Welcome to the list!

On 1-2-2011 16:25, John Swensen wrote:
> I apologize if this email seems rudimentary. I am just getting into both Boost and Boost.Geometry. From the mailing list, I have gleaned that LineString/Polygon boolean operations are not implemented yet.

That is right.

> So, I am trying to implement it myself from some of the examples. I am able to successfully create a polygon and a linestring and follow the overlay example to get the list of turn points describing where they intersect. However, I would like to take the list of turn points and create two new polygons from that are divided by the turn points.
So basically you are wishing a "cut operation", cut the polygon into
pieces. Very interesting.

> So my questions are:
> 1) Is there a way to insert the turn point into the outer ring easily?

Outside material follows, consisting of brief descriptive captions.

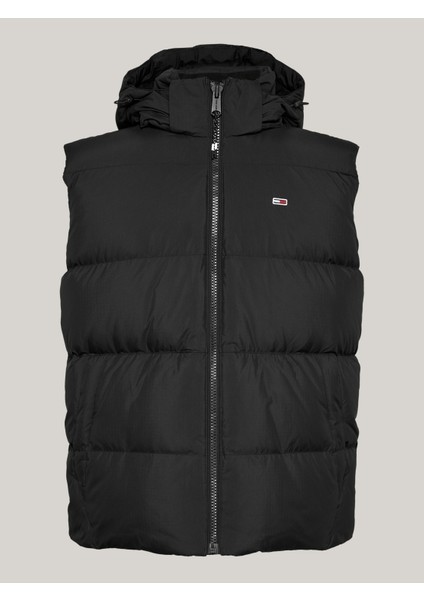 Tommy Hılfıger Tjm Essentıal Down Vest Ext Yelek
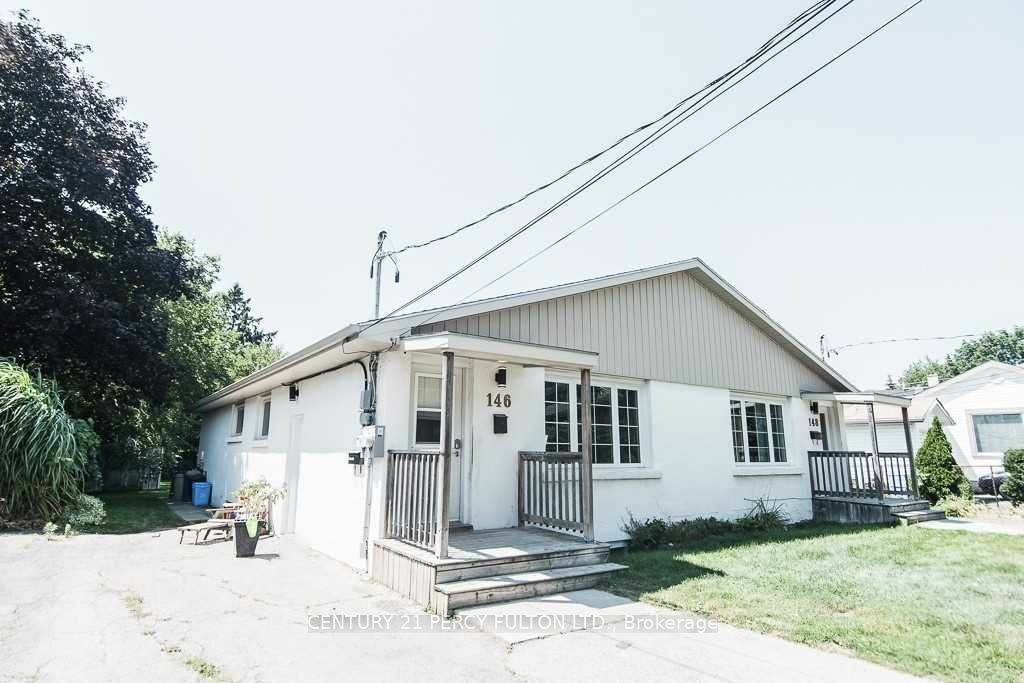 Property Photo:  146 Wilson Ave  ON N6H 1X7 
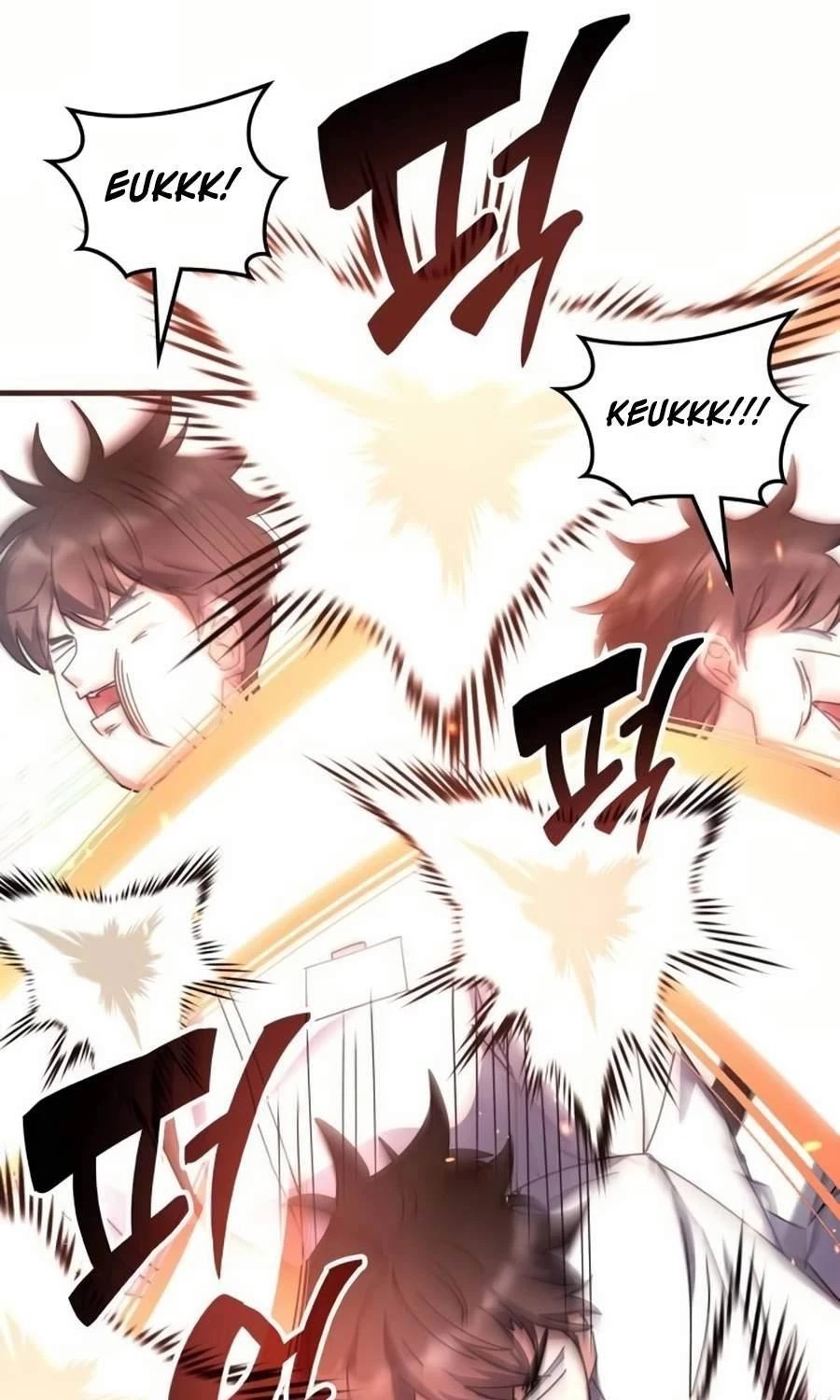 Học Viện Tối Thượng Chapter 117 - Trang 4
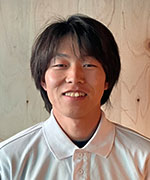 吉田　克典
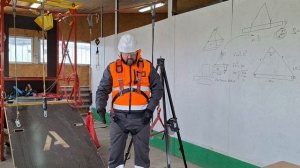 Безопасность при выполнении работ на высоте. Системы ?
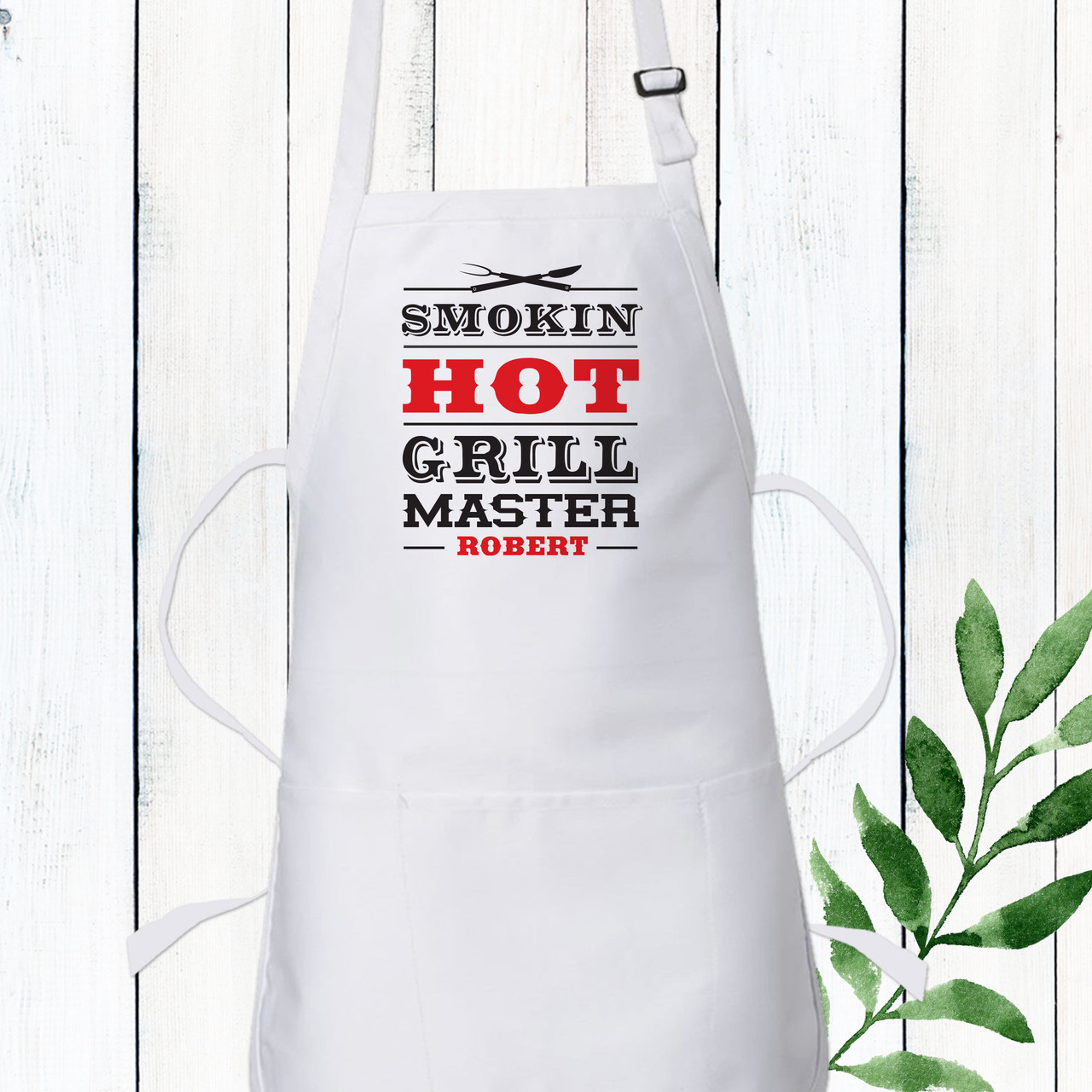 25 Best Smoker Gifts For BBQ and Grill Masters • Fancy Apron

Yes, relatively easy. For each turn point you know the coordinate
(.point), and at which segment it intersects the polygon
(operations[0].seg_id). It must be able to insert a point there, though
this is not a Boost.Geometry standard way. Assuming you use the
Boost.Geometry polygon, you take the ring (if the ring_id is -1 it is
the outer ring), and using std:: you insert that point there.

> 2) Is there a way to find the line segments of the outer ring that are divided by the turn points?
Yes, this is related and actually answered above.

The basic case might be relatively easy to solve. However, as soon as
intersection points overlay on the vertices of the input polygons, it
becomes more complicated (or you can simply ignore those duplications).
The sample shows "entering" and "leaving", but as soon as the linestring
touches the polygon and does not intersect, it also becomes more
complex. But not unsolvable.

> If either of these are easy to find, then splitting my polygon into two polygons should be straightforward. I'm just not sure if there is a "right" way to do this. I could always go back and walk my way around the outer ring doing the computation to see of the turn point lies on the line segment and then splitting accordingly, but want to know if this is already implemented and I just can't find it.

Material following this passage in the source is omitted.